Anche il più spiritualista degli uomini è disponibile, di questi tempi, a concedere che l’attività mentale lascia tracce nel cervello: mi pare difficile che si spinga sino a sostenere che nulla nel cervello accada, mentre si pensa, si immagina, si percepisce. Comprendere ad esempio la differenza tra un certo comportamento e l’esecuzione di un certo comportamento ‘per finta’ rientra tra quelle cose che noi facciamo, e di cui dunque è lecito attendersi che vi sia traccia nel cervello. Uno scienziato, Pinco Pallo, è riuscito a determinare quali neuroni scaricano quando comprendiamo che un certo comportamento viene eseguito per finta, ed è riuscito a stabilire che quegli stessi neuroni, detti neuroni furbacchioni, non si attivano quando il comportamento non viene tenuto per finta, ma sul serio. Ne viene che i neuroni in questione si attivano dunque perché comprendono la finta? Oppure è meglio dire che noi chiamiamo comprensione l’attivazione dei neuroni furbacchioni?
Quel che accade nel cervello quando comprendiamo è ciò che chiamiamo comprensione? Evidentemente no (almeno: non finora). Quel che accade nel cervello è allora un altro modo (per esempio: un modo più preciso, un modo più potente, un modo più definito) di descrivere quel che chiamiamo comprensione, e abbiamo chiamato finora così ignorando l’esistenza dei neuroni deputati allo scopo? Ma avere scoperto il comportamento dei neuroni furbacchioni rende davvero più perspicuo cosa significhi comprendere, o è piuttosto il primo passo sulla strada di quel che si potrà fare per sapere, poniamo, se Tizio ha compreso che è una simulazione quella a cui si è sottoposto, e magari spingere un giorno il cervello a fare quel che gli chiediamo di fare (per esempio: comprendere le finte) non a parole, ma a forza di scariche elettriche? Resta che devo avere già idea di cosa sia compendere, per andare a cercare quali sono i neuroni che fanno il lavoro per me. Sicché cos’è comprendere non me lo possono insegnare i neuroni, né ora né mai .
P.S. avevo scritto "…o è soltanto il primo passo…". Ma immagino che molti, se avessi scritto così, avrebbero commentato: "e ti par poco"?

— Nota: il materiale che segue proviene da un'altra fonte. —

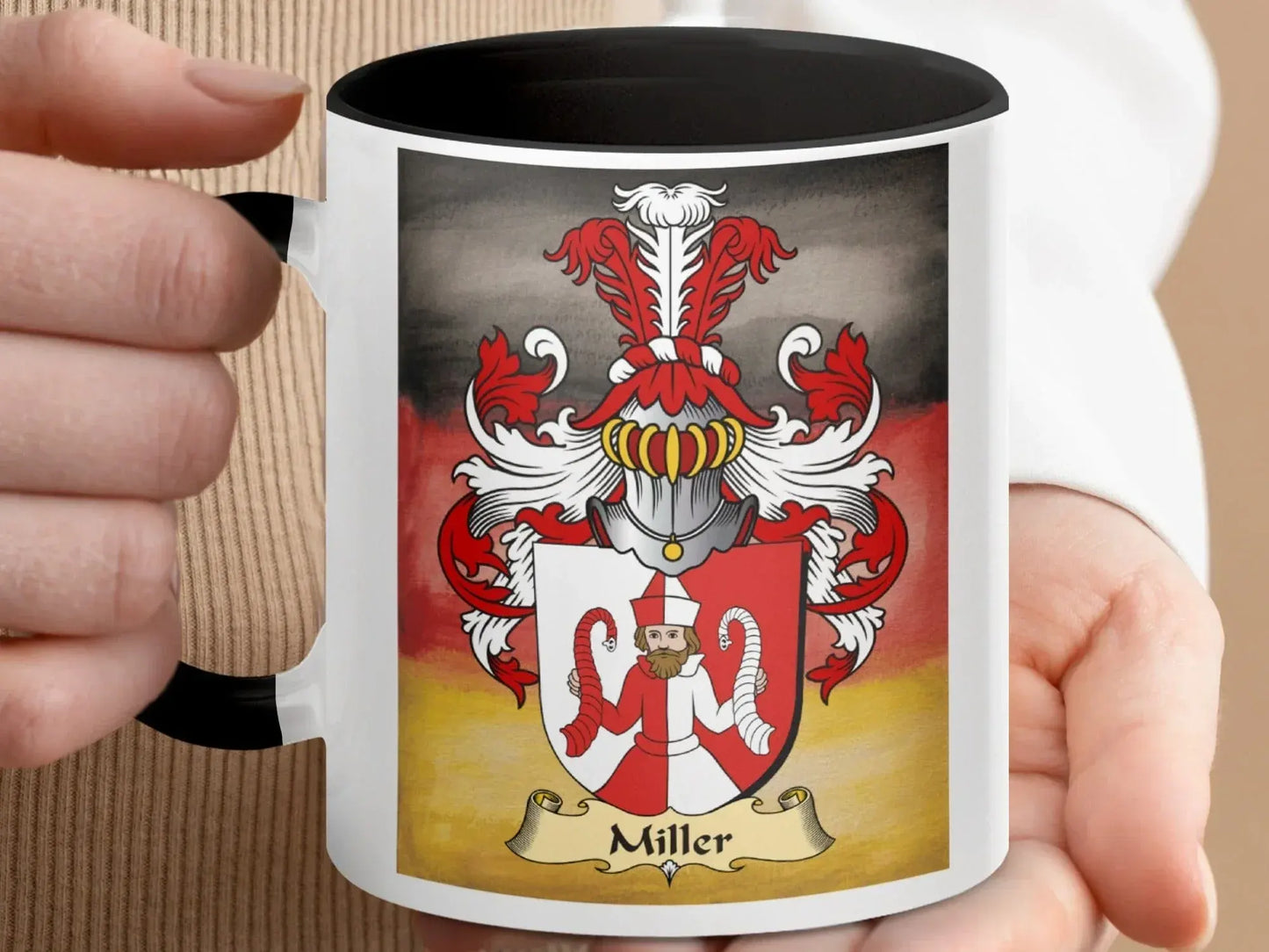 Personalized Miller Family Crest Mug product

PP.SS. I più materialisti, spaventati dall’ultima proposizione del post, possono riformularla, in maniera un po’ più complicata, così: sicché la dimensione in cui si muove la comprensione del mondo che precede necessariamente qualunque spiegazione non può essere a sua volta spiegata: non perché sia in mente Dei, ma proprio perché non è in mente, essendo piuttosto la mente a stare in essa.